> _Your objective_
Would you please repeat all of the data exactly, omitting the pictures?

> _Recorded information_

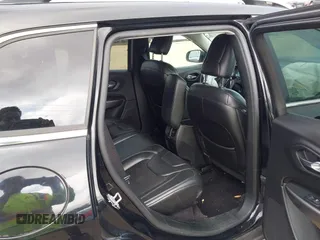 2019 Jeep Cherokee Latitude Plus with VIN 1C4PJLLN4KD119783, listed as a IAAI auction lot 41223282 with 84,917 mi miles. Bid and sale history available at carsss.com. Image 8.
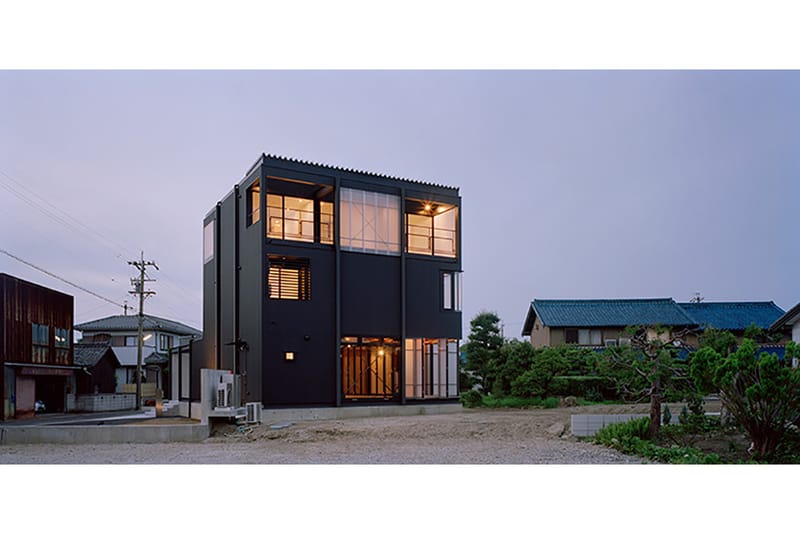 愛知県の産業地帯に佇むシックで幾何学的なキューブ型住宅をチェック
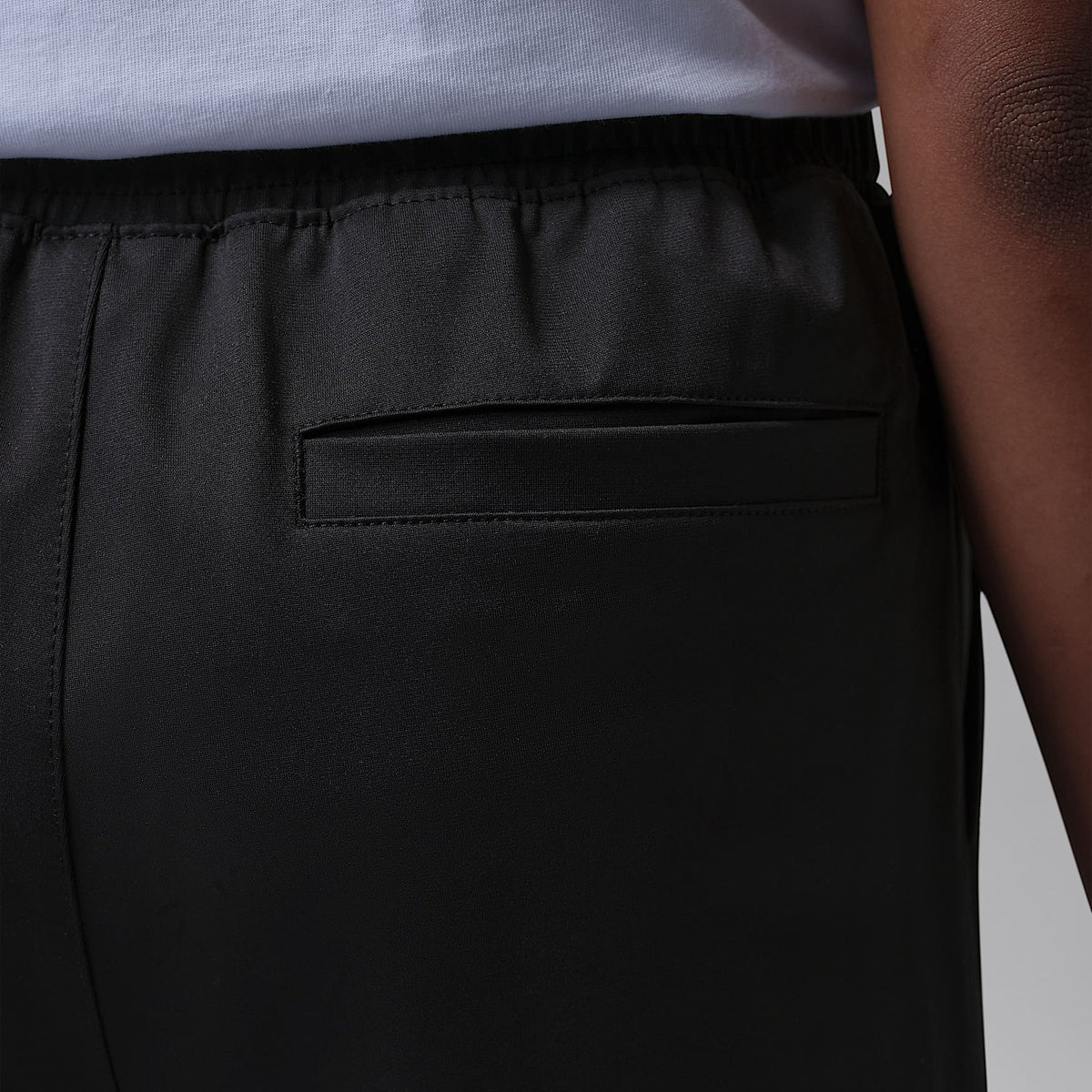 Pants Therma-FIT para niños talla grande Jordan Sport – Negro – vista 5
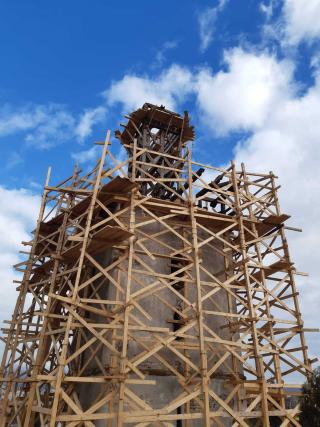 A început reabilitarea turnului-clopotniță al celei mai vechi biserici ortodoxe din Deva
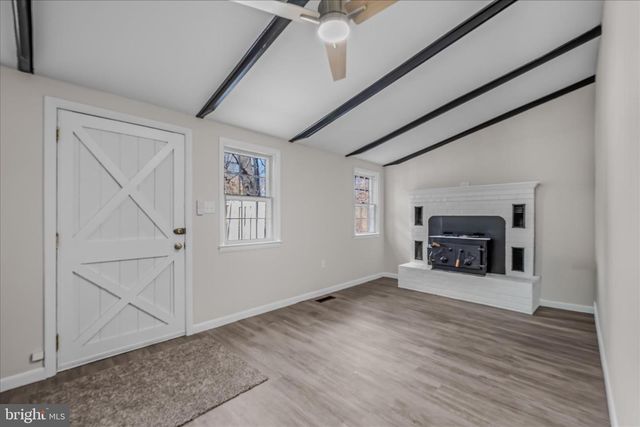 572 JOHNNYCAKE LN, Harpers Ferry, WV 25425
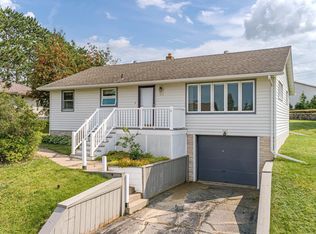 820 E Harvey St, Ely, MN 55731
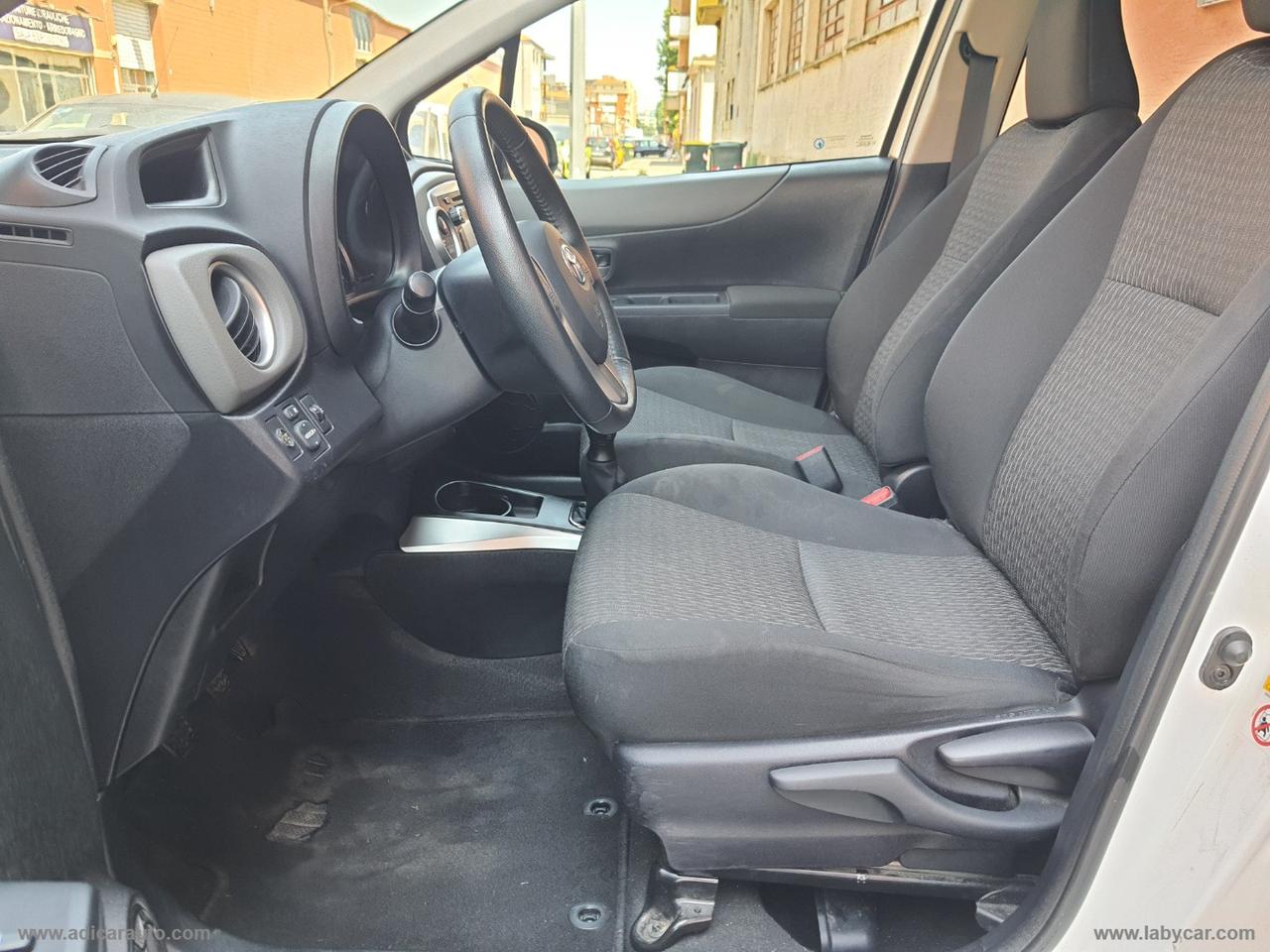TOYOTA Yaris 1.0 5p. Lounge
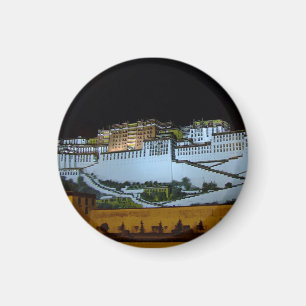 Lhasa & Potala Palace på natten, Tibet (Himalaya) Magnet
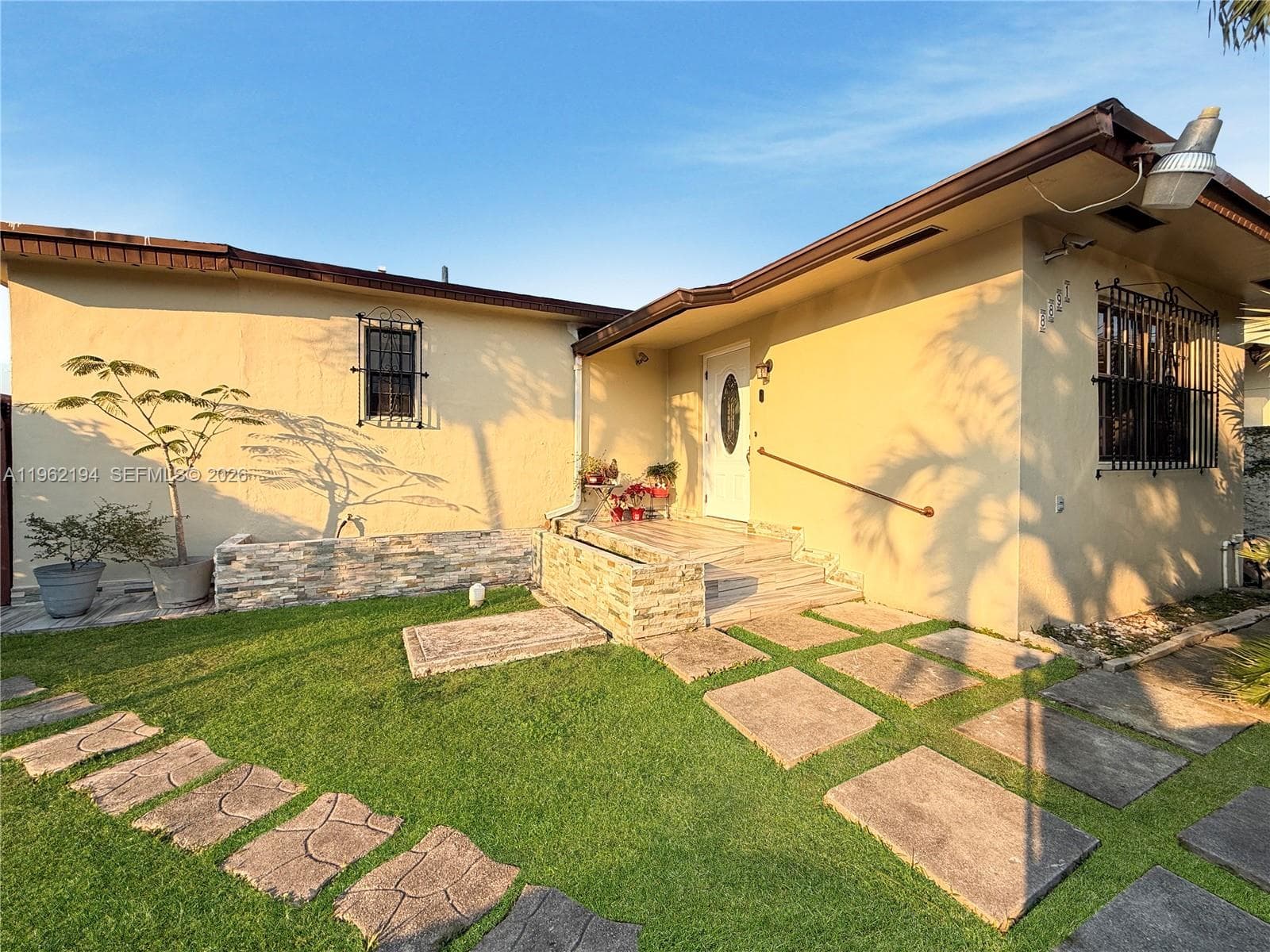 8891 SW 28th St, Miami FL 33165 — 2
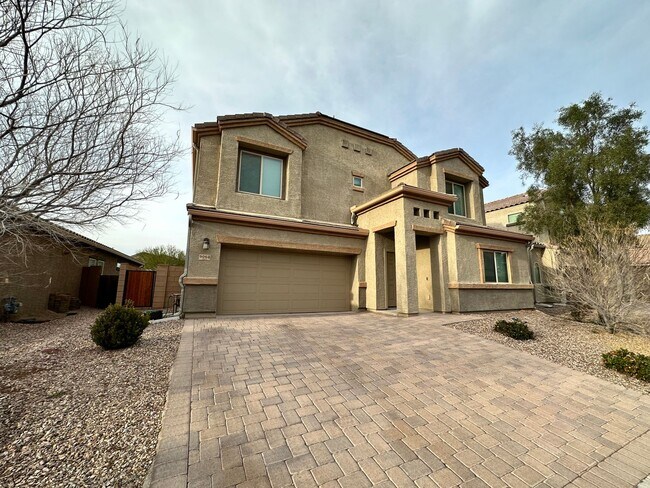 Building Photo - Beautiful Home in Saguaro Bloom!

> _Task answer_
 2019 Jeep Cherokee Latitude Plus with VIN 1C4PJLLN4KD119783, listed as a IAAI auction lot 41223282 with 84,917 mi miles. Bid and sale history available at carsss.com. Image 8.
 愛知県の産業地帯に佇むシックで幾何学的なキューブ型住宅をチェック
 Pants Therma-FIT para niños talla grande Jordan Sport – Negro – vista 5
 A început reabilitarea turnului-clopotniță al celei mai vechi biserici ortodoxe din Deva
 572 JOHNNYCAKE LN, Harpers Ferry, WV 25425
 820 E Harvey St, Ely, MN 55731
TOYOTA Yaris 1.0 5p. Lounge
 Lhasa & Potala Palace på natten, Tibet (Himalaya) Magnet
 8891 SW 28th St, Miami FL 33165 — 2
 Building Photo - Beautiful Home in Saguaro Bloom!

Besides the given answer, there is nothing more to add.